L'abandon du projet de bouclier antimissile américain en Europe centrale va faciliter un rapprochement des États-Unis et de leurs alliés de l'OTAN avec la Russie, au moment où les Occidentaux veulent sortir du bourbier afghan et Moscou les y aider.

Quels que soient les facteurs motivant le renoncement au projet qui irritait tant Moscou, -et gênait des pays alliés comme l'Allemagne, même s'ils ne le disaient pas ouvertement- l'annonce en intervient à la veille d'un important discours du secrétaire général de l'OTAN Anders Fogh Rasmussen sur «un nouveau départ» entre l'OTAN et la Russie. Pure coïncidence?
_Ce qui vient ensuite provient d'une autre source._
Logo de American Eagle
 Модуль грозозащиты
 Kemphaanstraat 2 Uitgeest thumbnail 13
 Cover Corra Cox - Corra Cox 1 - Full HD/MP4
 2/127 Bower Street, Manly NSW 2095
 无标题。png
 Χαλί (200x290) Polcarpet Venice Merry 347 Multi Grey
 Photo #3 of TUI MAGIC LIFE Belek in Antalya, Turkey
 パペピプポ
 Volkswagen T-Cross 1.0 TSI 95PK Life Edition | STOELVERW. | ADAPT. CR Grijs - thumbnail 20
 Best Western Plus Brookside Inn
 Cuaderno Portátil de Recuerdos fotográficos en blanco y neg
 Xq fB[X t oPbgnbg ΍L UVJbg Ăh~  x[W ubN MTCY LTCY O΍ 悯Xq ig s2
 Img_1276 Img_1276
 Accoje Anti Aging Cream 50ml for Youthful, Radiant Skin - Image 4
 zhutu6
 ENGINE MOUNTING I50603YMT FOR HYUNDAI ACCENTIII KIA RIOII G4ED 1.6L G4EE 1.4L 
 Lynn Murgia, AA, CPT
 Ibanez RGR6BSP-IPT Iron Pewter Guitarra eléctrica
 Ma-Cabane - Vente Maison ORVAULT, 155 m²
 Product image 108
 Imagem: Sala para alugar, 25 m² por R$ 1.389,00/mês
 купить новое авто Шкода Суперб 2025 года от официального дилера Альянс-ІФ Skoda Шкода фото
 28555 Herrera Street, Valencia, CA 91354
La séquence ressemble en tous cas à une opération de charme bien minutée en direction de Moscou.

Ce n'était pas forcément l'objectif premier. «La raison principale est d'ordre technico-budgétaire et non le désir de plaire aux Russes», estime Joseph Henrotin, au Centre d'analyse et de prévision des risques internationaux (CAPRI) de Paris. «À cause des doutes récurrents de certains secteurs militaires américains sur l'efficacité réelle de ces missiles, et de leur coût en cette période de crise».

Selon le Wall Street Journal, qui a révélé l'affaire jeudi, les experts américains ont conclu que la menace stratégique de fusées iraniennes à longue portée (plus de 5000 km) capables de frapper le territoire des États-Unis n'était, tout bien pesé, pas imminente.

Du temps de George W. Bush, les Américains, pour justifier le déploiement en Europe centrale du «troisième pilier» de leur bouclier, assuraient que le temps pressait car Téhéran pourrait se doter de ce type d'engins dès 2015. Apparemment, les militaires russes qui niaient obstinément que les Iraniens soient aussi avancés avaient donc mieux évalué la situation.

Tout en reconnaissant qu'elle avait sans doute ses propres «motifs politiques, militaires, techniques et financiers», l'ambassadeur russe à l'OTAN Dmitri Rogozine n'en a pas moins exprimé à l'AFP sa satisfaction devant cette «nouvelle très positive».

Dès mercredi, sur son blog vidéo, le secrétaire général de l'OTAN Anders Fogh Rasmussen annonçait qu'il allait faire des «offres concrètes» à la Russie pour instaurer la «confiance» que le conflit russo-géorgien d'août 2008 avait dissipée.

Parmi les «défis» que l'OTAN et la Russie doivent relever de concert, il y a, notait-il la prolifération» des armes de destruction massive, ainsi que «le terrorisme et l'Afghanistan».

«Bâtir (un Afghanistan) sûr et stable est dans l'intérêt commun de l'OTAN et de la Russie (...) Nous pouvons faire plus ensemble», a-t-il ajouté.

Pour apaiser des opinions publiques réticentes à un séjour indéfini des soldats occidentaux en Afghanistan alors que leurs pertes s'aggravent, l'OTAN table sur une «afghanisation» la plus rapide possible du conflit.

Un message que Moscou reçoit cinq sur cinq. M. Rogozine admet que la Russie perdrait à une victoire des islamistes en Afghanistan.

Dans une tribune libre parue jeudi dans l'hebdomadaire European Voice, il propose même de «construire» en Asie centrale «une zone de sécurité commune».

Cela passerait par un accord entre l'OTAN et l'Organisation du Traité de sécurité collective (OTSC) qui lie Moscou et les anciennes Républiques soviétiques de la région, voisines de l'Afghanistan.

«Les talibans ne peuvent opérer en Afghanistan qu'avec un soutien extérieur. Si l'OTAN veut le succès de sa nouvelle stratégie américaine dans ce pays, il lui faut le soutien russe», assure M. Rogozine.

De leur côté, note M. Henrotin, «de ce geste à l'égard de la Russie, il est clair que les États-Unis attendent aussi des retombées positives sur le dossier nucléaire et balistique iranien».